Mexico should hit back on any U.S. auto tariffs: adviser

If the United States slapped duties on Mexico’s auto exports, the government should retaliate against U.S. businesses, a top economic adviser to presidential election winner Andres Manuel Lopez Obrador said on Monday.

The veteran leftist, who won by a landslide on Sunday, says he wants friendly relations with the United States. However, he has vowed to take a firm stand against efforts by U.S. President Donald Trump to impose his will on Mexico.

Graciela Marquez, Lopez Obrador’s designee for economy minister, said the new administration should push back against “protectionist” moves by the United States on trade, backing the policy of the outgoing Mexican government.

Trump is trying to exert leverage over Mexico and Canada in his bid to rework the North American Free Trade Agreement (NAFTA), and last month kicked off a trade spat with tariffs on steel and aluminum. That prompted swift retaliation from Mexico.

The United States has also started a trade investigation into imports of vehicles and auto parts that could lead to hefty tariffs. Marquez said Mexico could not simply passively accept such measures.

“So I think we would have to take measures to raise tariffs in strategic sectors,” she told Reuters in an interview.

The next Mexican government will take office on Dec. 1, and Marquez said she hoped to meet “as soon as possible” with current Economy Minister Ildefonso Guajardo to review the tasks ahead, including the ongoing renegotiation of NAFTA.

While noting Trump said at the weekend he wanted to wait until after the U.S. mid-term elections in November to agree a new NAFTA, Marquez said she would be happy to see the renegotiation concluded before taking office, if possible.
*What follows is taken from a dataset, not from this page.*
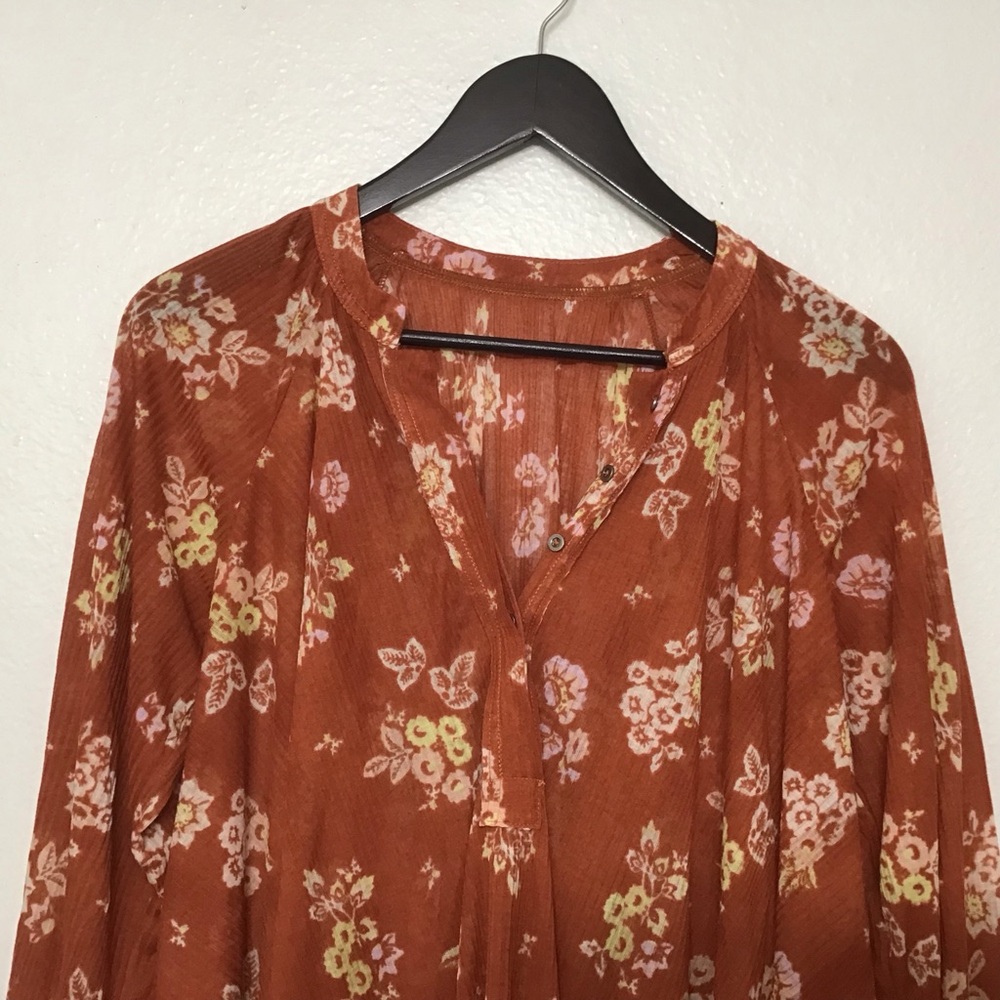 Rust Floral High-Low Tunic Blouse - Picture 3 of 4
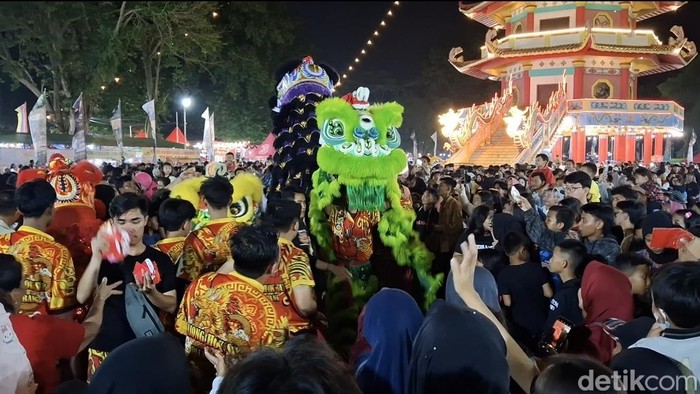 atusan ribu masyarakat ikut meramaikan perayaan Cap Go Meh di Palembang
Government officials have said top-level NAFTA talks could begin again this month. A spokeswoman for U.S. Trade Representative Robert Lighthizer declined to comment on what the election of Lopez Obrador could mean for the negotiation.
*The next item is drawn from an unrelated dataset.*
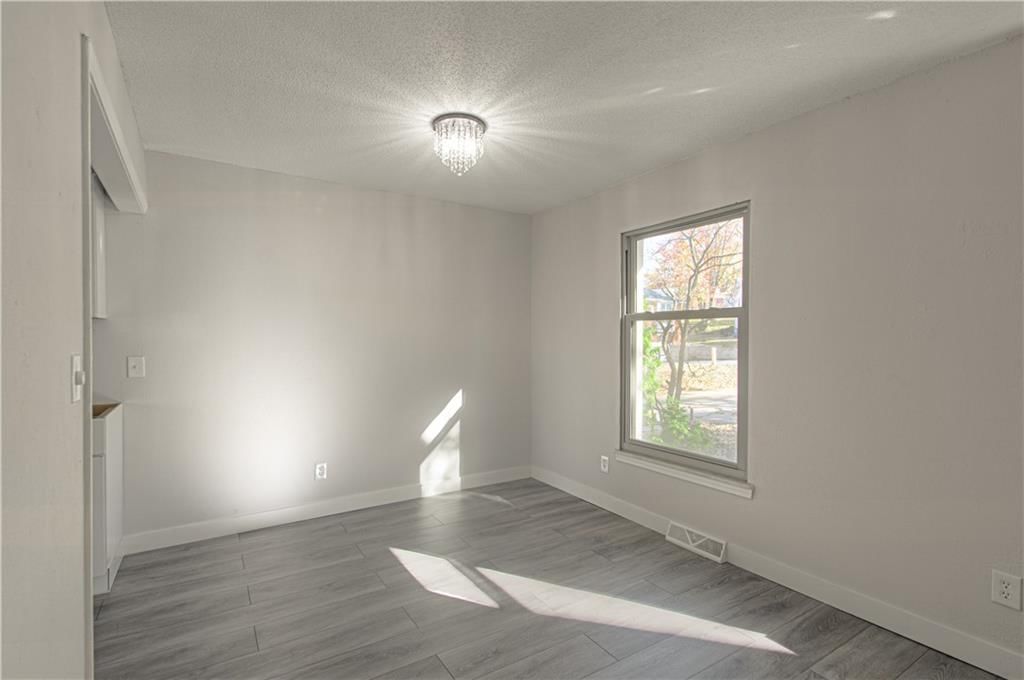 328 Virginia Road — photo 9
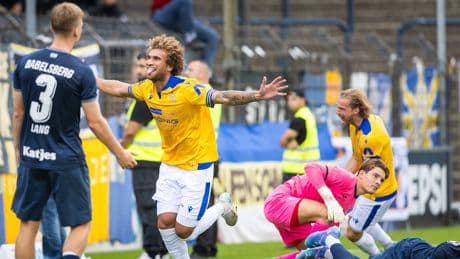 Traumstart für Jena - Fünf Neue, vier Tore, drei Punkte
Trump wants to reduce the United States’ trade deficit with its southern neighbor, arguing that the NAFTA has caused jobs to move south to lower-cost Mexico. Proponents of NAFTA reject this, saying Mexico has helped keep the region more competitive.

The NAFTA talks have been stalled over U.S. insistence on redrawing auto industry rules to require more regional content, higher salaries in the sector, and other proposals including a so-called sunset clause that would automatically kill the 24-year-old accord if it is not renegotiated every five years.

“We’re very concerned about the sunset clause because that…would generate a lot of uncertainty over investment in the North American region,” said Marquez, an academic.

Marquez said she did not believe the bilateral trade balance was a useful measure of U.S.-Mexico economic relations and that value added statistics painted a more accurate picture.

Measured by value added – which sets out how much individual parts of a product are worth in the assembly chain – Mexico ran a trade deficit with the United States, she argued.

Even if traditional measures are used, China, not Mexico is the principal cause of the U.S. deficit, she said.

The North American region is best served by strengthening its own competitiveness, not internal spats, Marquez added.

She also said Mexico could not simply raise its wages to suit the United States in the NAFTA talks.

“It’s not because we don’t care about higher wages, it’s because if you increase wages in one sector abruptly, it has a very distorting effect,” Marquez said.

Marquez said she saw “very little chance” of NAFTA coming to an end, but that Mexico had to prepare for the eventuality.